Data shown -
[Start of section]
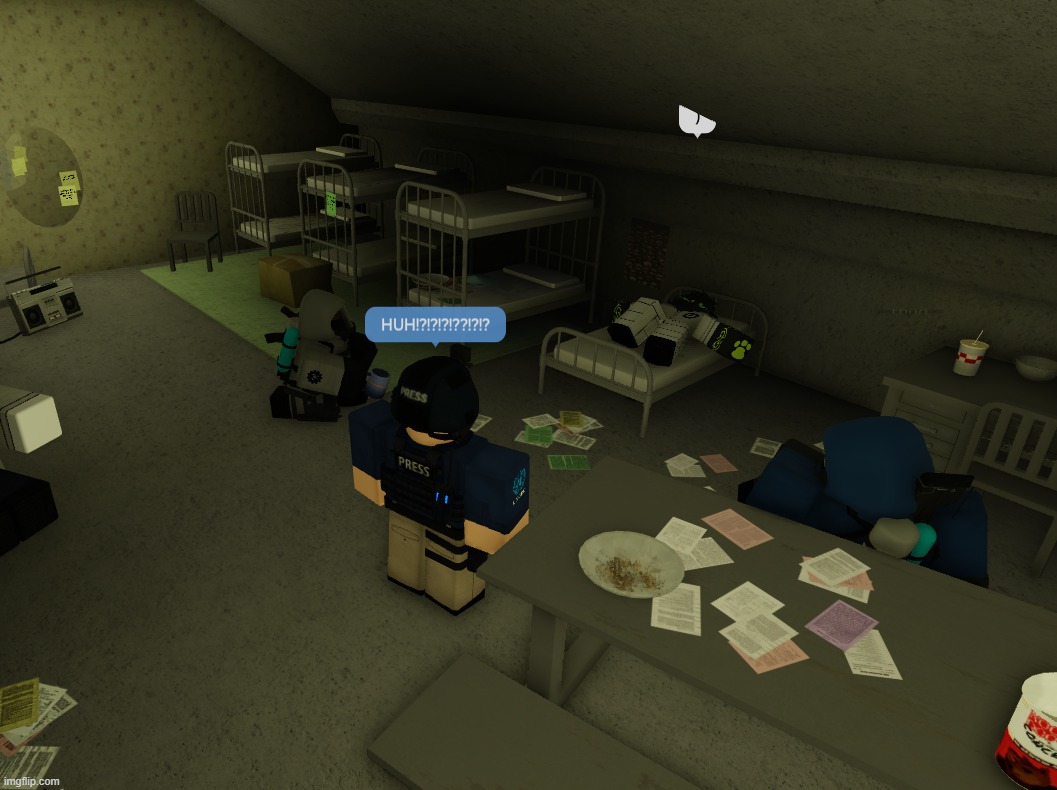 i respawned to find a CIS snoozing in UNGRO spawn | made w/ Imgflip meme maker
[End of section]
[Start of section]
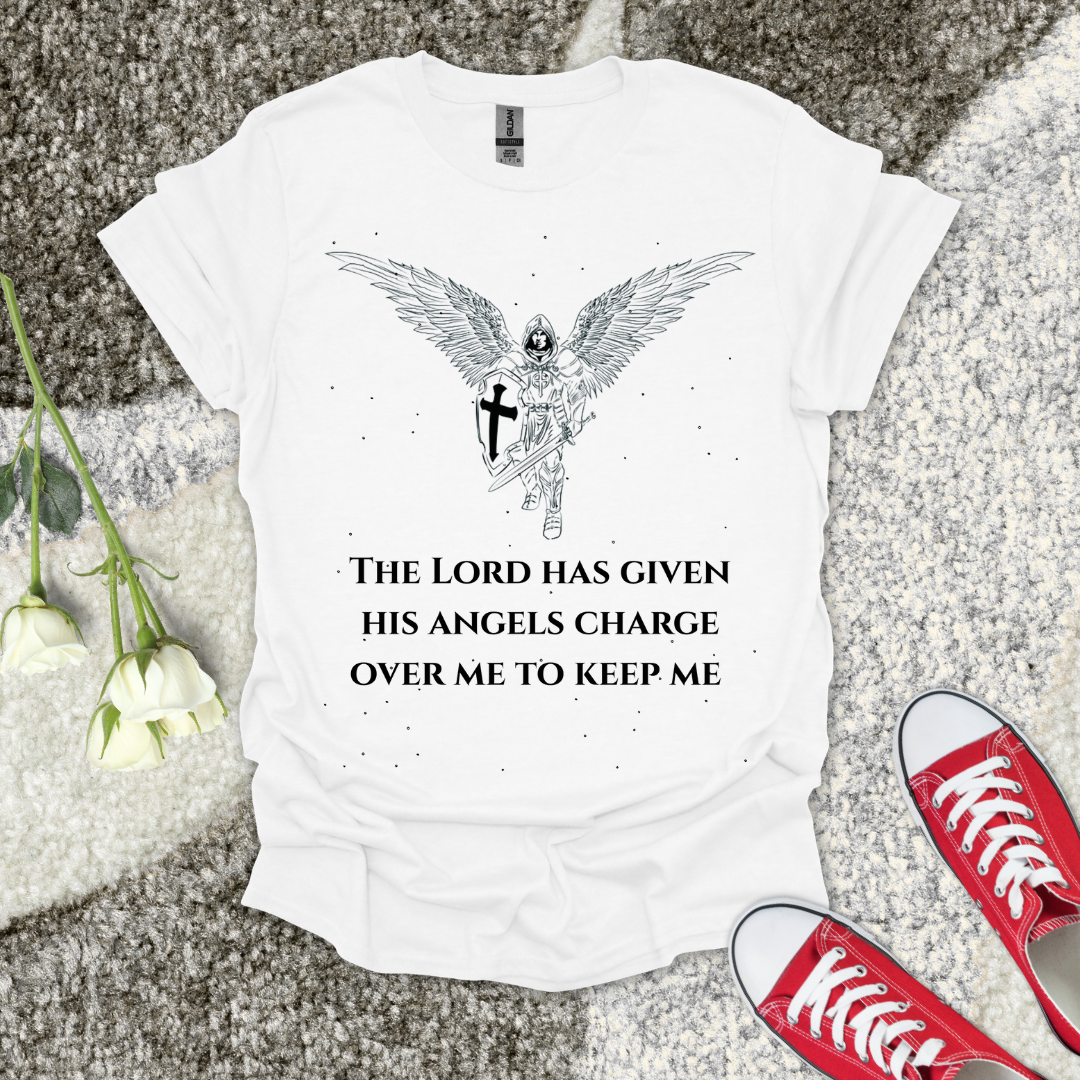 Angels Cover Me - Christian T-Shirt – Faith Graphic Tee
[End of section]
[Start of section]
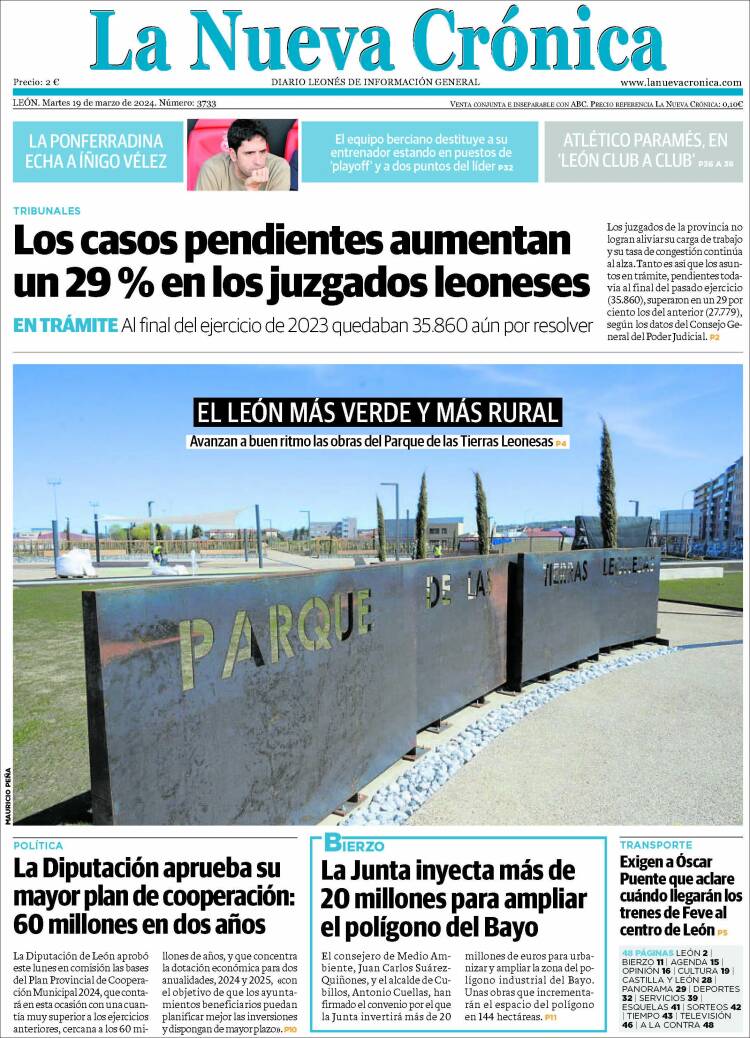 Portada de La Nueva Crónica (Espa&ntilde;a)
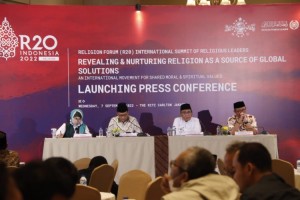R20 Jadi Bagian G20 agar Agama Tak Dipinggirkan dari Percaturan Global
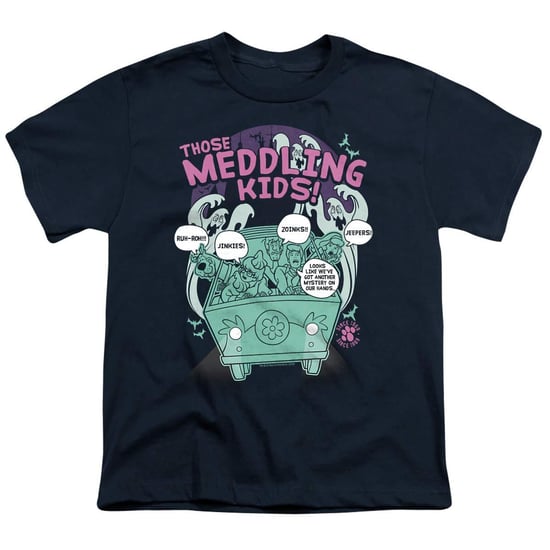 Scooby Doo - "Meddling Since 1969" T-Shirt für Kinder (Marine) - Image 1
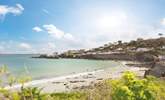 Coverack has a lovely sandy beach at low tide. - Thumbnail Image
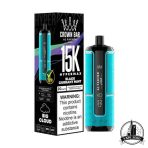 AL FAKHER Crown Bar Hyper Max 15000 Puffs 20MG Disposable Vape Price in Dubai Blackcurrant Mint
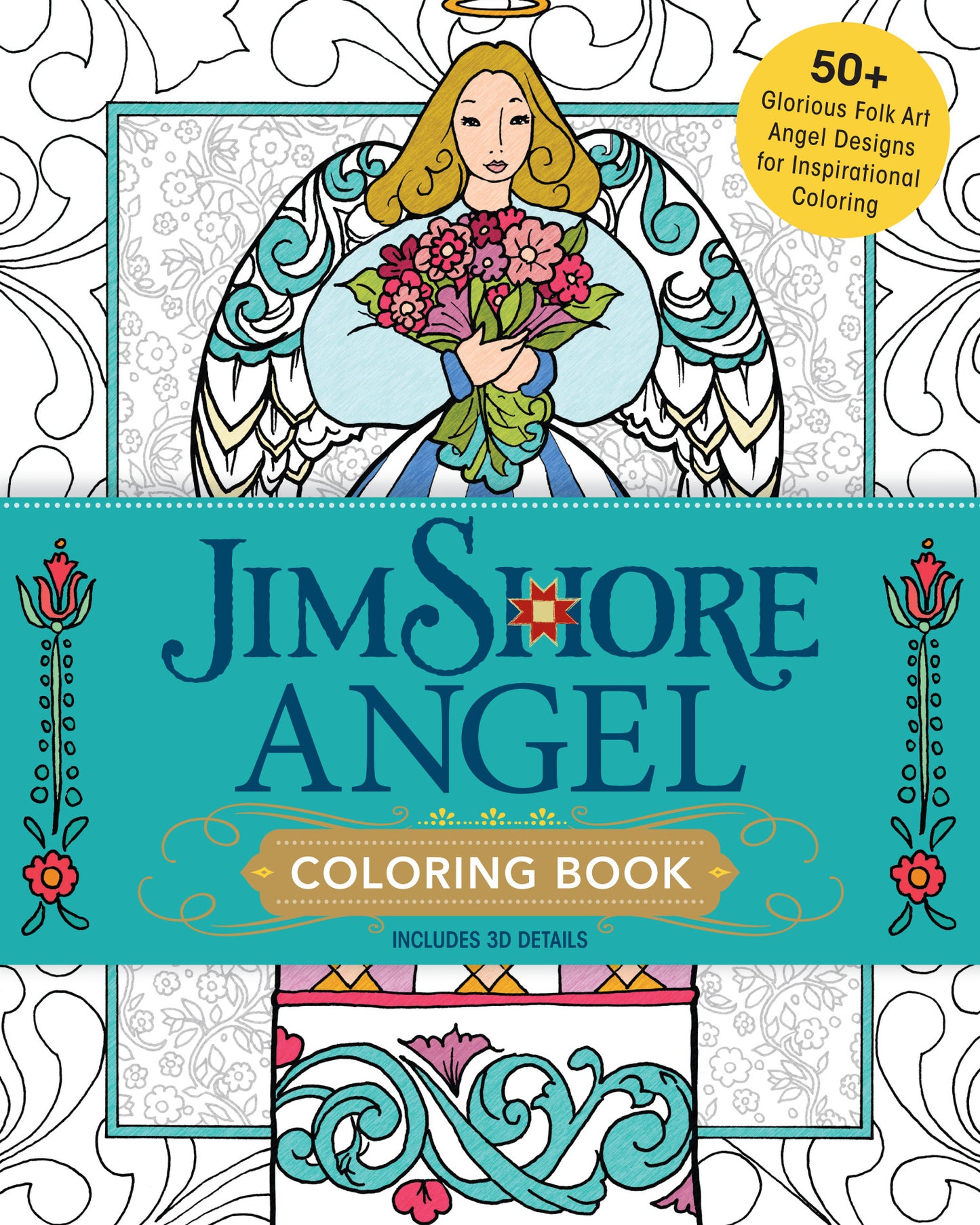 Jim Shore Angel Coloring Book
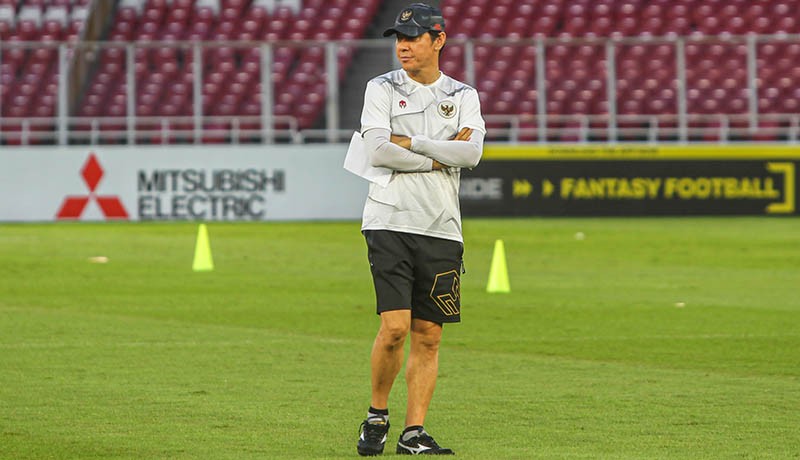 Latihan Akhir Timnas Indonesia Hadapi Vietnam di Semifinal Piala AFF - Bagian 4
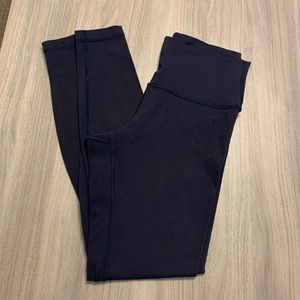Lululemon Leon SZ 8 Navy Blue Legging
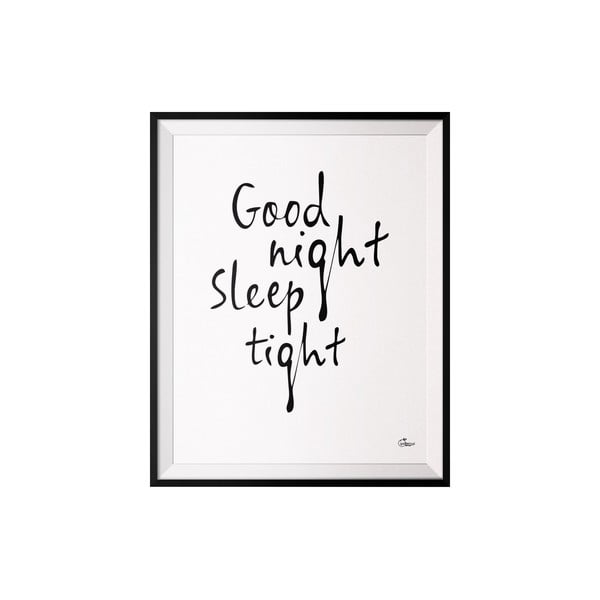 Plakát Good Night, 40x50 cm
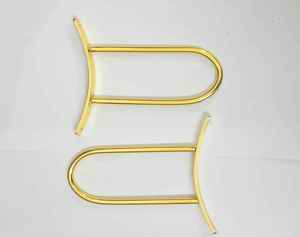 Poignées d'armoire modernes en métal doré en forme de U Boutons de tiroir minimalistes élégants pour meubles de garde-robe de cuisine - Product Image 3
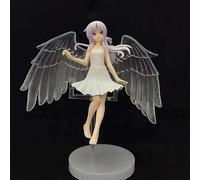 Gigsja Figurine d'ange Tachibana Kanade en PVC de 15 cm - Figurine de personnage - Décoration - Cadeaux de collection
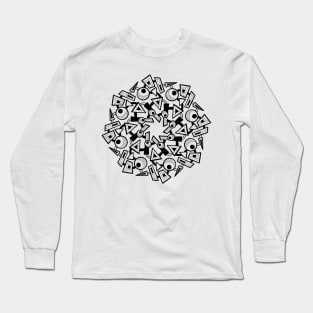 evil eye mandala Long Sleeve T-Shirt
[End of section]
Your instructions - Please copy out from the data above, without any picture, exactly the lines running from the one that holds "Latihan Akhir Timnas" through the one that holds "evil eye mandala Long Sleeve T-Shirt", and nothing beyond them.

The completed task -
 Latihan Akhir Timnas Indonesia Hadapi Vietnam di Semifinal Piala AFF - Bagian 4
Lululemon Leon SZ 8 Navy Blue Legging
 Plakát Good Night, 40x50 cm
 Poignées d'armoire modernes en métal doré en forme de U Boutons de tiroir minimalistes élégants pour meubles de garde-robe de cuisine - Product Image 3
 Gigsja Figurine d'ange Tachibana Kanade en PVC de 15 cm - Figurine de personnage - Décoration - Cadeaux de collection
 evil eye mandala Long Sleeve T-Shirt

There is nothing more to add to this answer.